SHAP value is a recently described tool that aims to increase machine learning models interpretability42. It allows us to understand how a specific feature negatively or positively participates in the target variable prediction by computing the contribution of each feature towards the prediction. This allows better estimation of the importance of each feature in the prediction process. A random variable was introduced as a predictive feature during the training in order to help differentiate useful features from the others.

Model evaluation and statistical analysis

Performances of the machine learning models were evaluated on the test set never seen by the model nor used for the hyperparameters choice, to avoid overfitting. For each machine learning approach (using low order polynomials only, and using every polynomial), the three vectors of the refraction were predicted one by one using the three machine learning models. Paraxial matching predictions were calculated using Eqs. (46)

$${\rm{M}}=\frac{-{G}_{2}^{0}4\sqrt{3}}{{r}^{2}}$$
(4)
$${\rm{J}}0=\frac{-{G}_{2}^{2}2\sqrt{6}}{{r}^{2}}$$
(5)
$${\rm{J45}}=\frac{-{G}_{2}^{-2}2\sqrt{6}}{{r}^{2}}$$
(6)

where Gnm is the nth order LD/HD coefficient of meridional frequency m, and r is the pupillary radius. It is important to note that as high order LD/HD coefficients are devoid of low-order aberrations, this calculation is equivalent to paraxial curvature matching calculated by computing the curvature at the origin of the Zernike expansion of the Seidel formulae for defocus and astigmatism using Zernike polynomials as described by Thibos et al.7.

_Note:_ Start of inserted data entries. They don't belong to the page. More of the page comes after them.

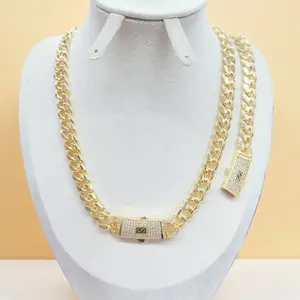 18K Plated Cuban Link Jewelry Set, Including Necklace Bracelet Ring, Lightweight Luxury Jewelry Set for Women, Fashion Accessories for Party, Daily Decor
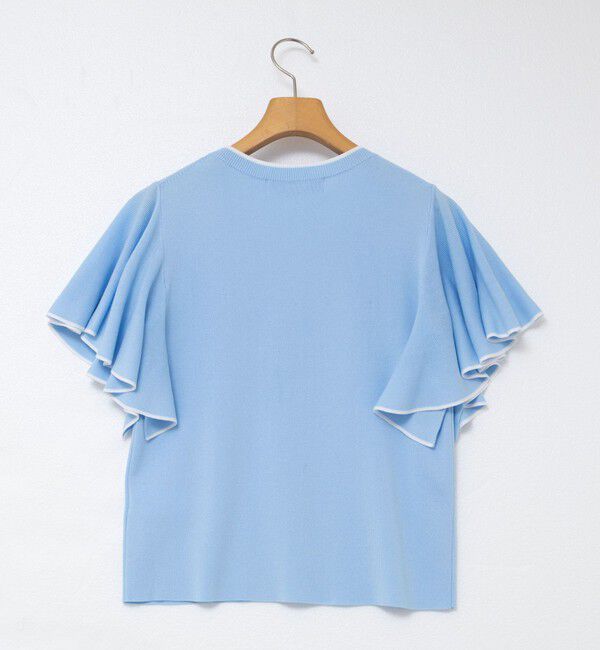 NOLLEY'S sophi「《手洗い可能》袖フリル配色プルオーバーニット」|ニット・セーター|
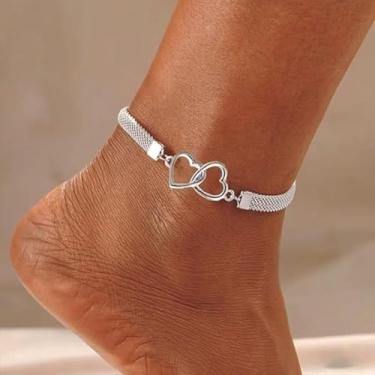Imagem de Tornozeleiras femininas douradas e prateadas, à prova d'água, com strass brilhante, joia de pé, infinito, coração, tornozeleiras, One Size, Liga de aço, Sem Pedra Preciosa
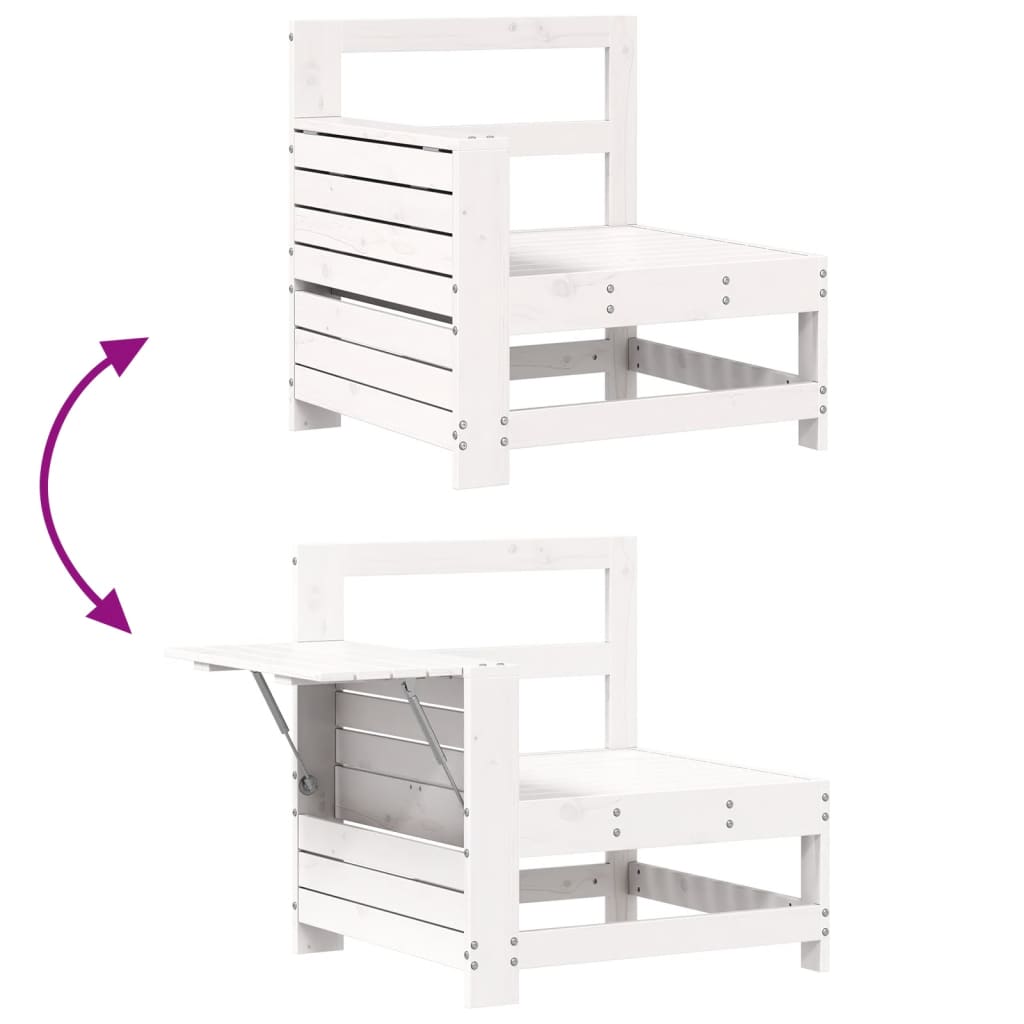 Garden Sofa with Armrests and Side Table Solid Pine Wood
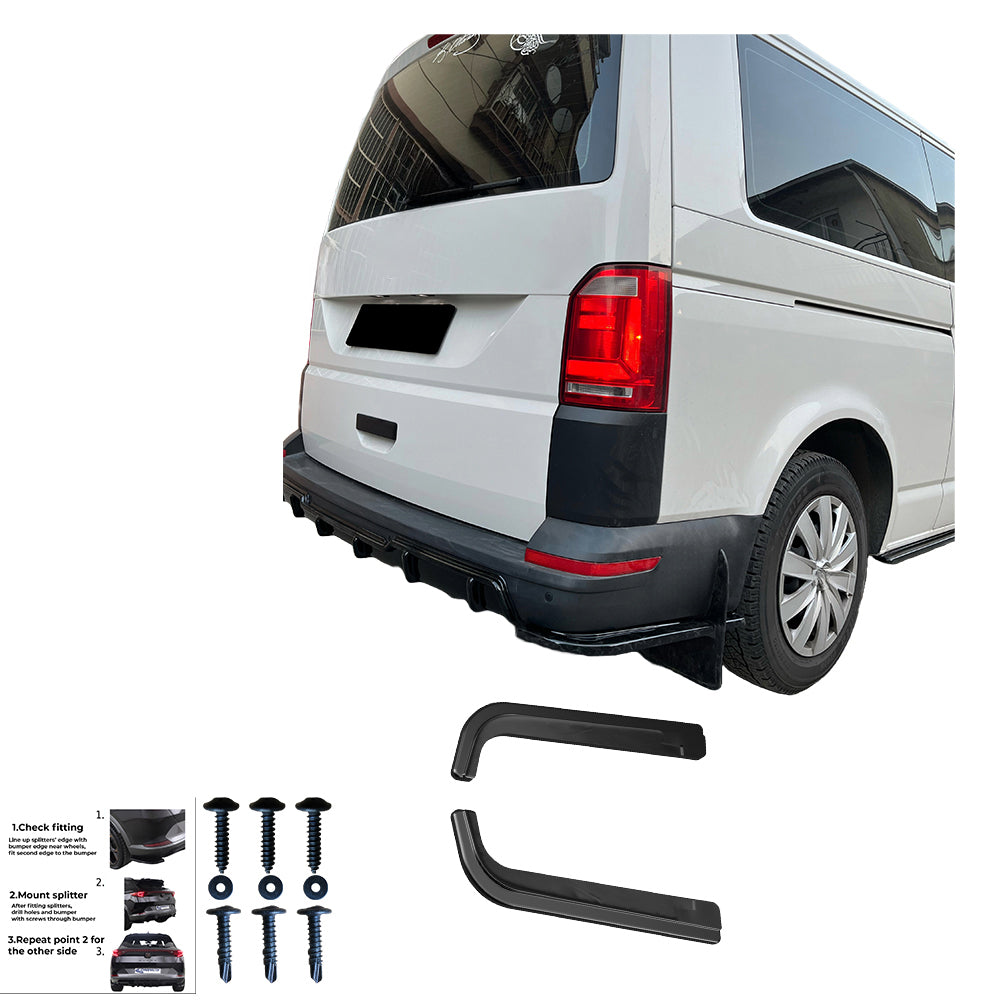 Heckseitendiffusor Splitter passend für VW Transporter T6 / T6.1 2015-2021 Hochglanz Schwarz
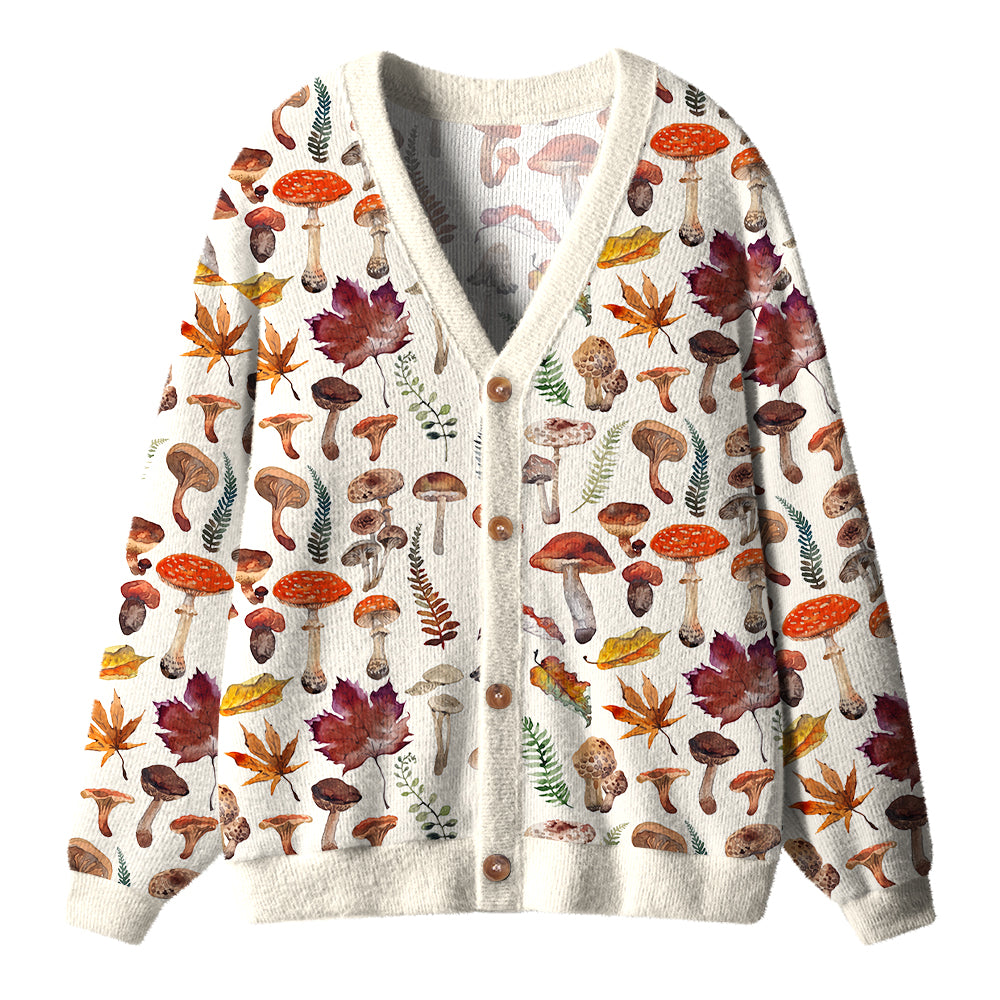 Paddenstoel Maple Leaf Fall Vibes Teacher Ugly Cardigan Sweaters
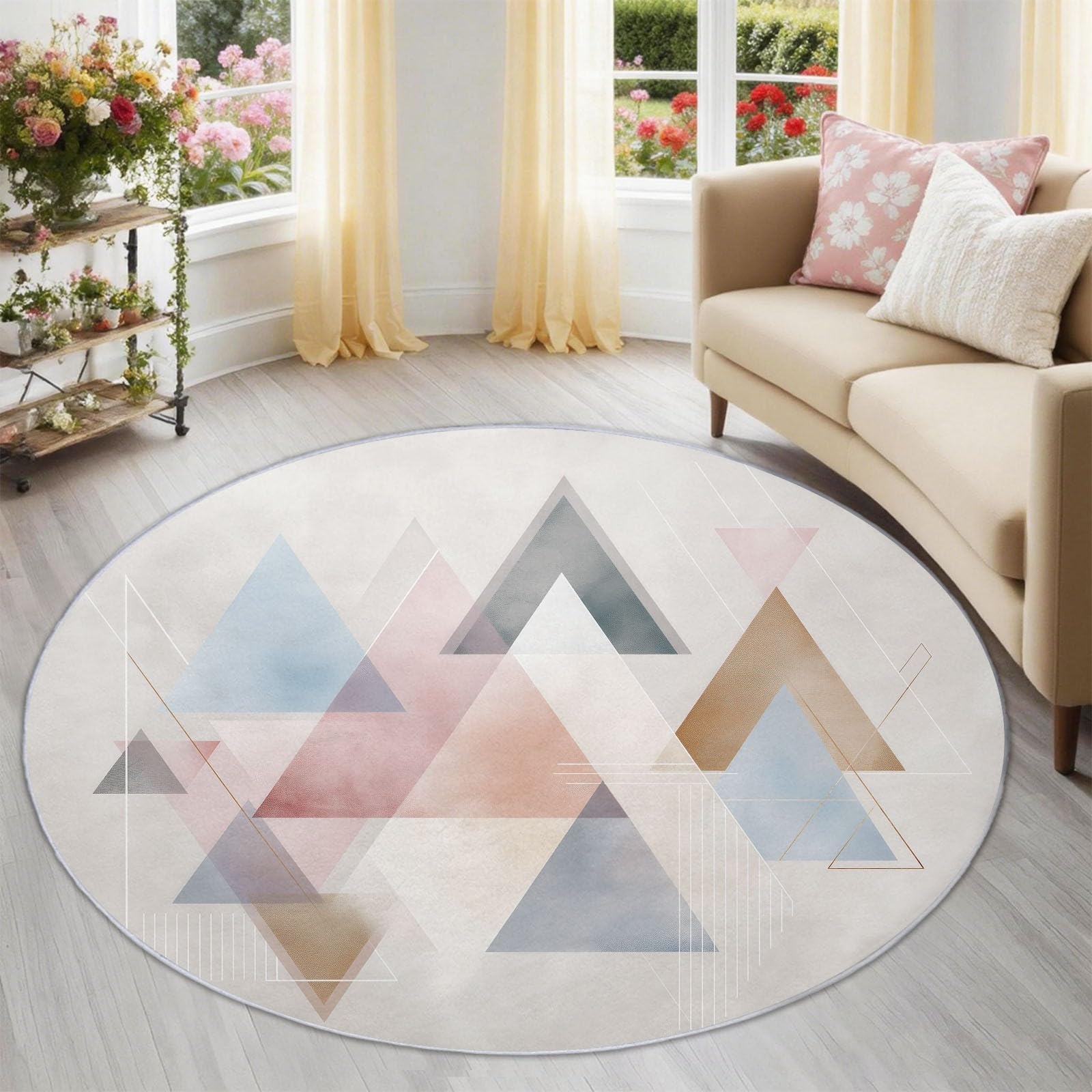 Geometrisch Dreieck Rund Teppich 120 cm, Modern Elegant Kurzflor Weich & Sicher Teppich Kinderzimmer, Beige Waschbarer rutschfest Runder Teppiche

Mean absolute errors were calculated for each prediction method. Accuracy of the predictions for each vector was defined as the mean value of the prediction error. Precision was defined as two times the standard deviation (SD) of the prediction error7. Each prediction method was evaluated against each other. Mean absolute prediction errors and mean prediction errors were evaluated using the Wilcoxon-signed rank test with Bonferroni correction. Differences in precision were evaluated using the Levene test with Bonferroni correction. We used a similar confidence ellipse to Thibos et al. to graphically report our results7,43. Bland-Altman plots and paired t-test were conducted to study the agreement between subjective refraction and the machine learning models predictions. A p-value less than 0.05 was considered significant.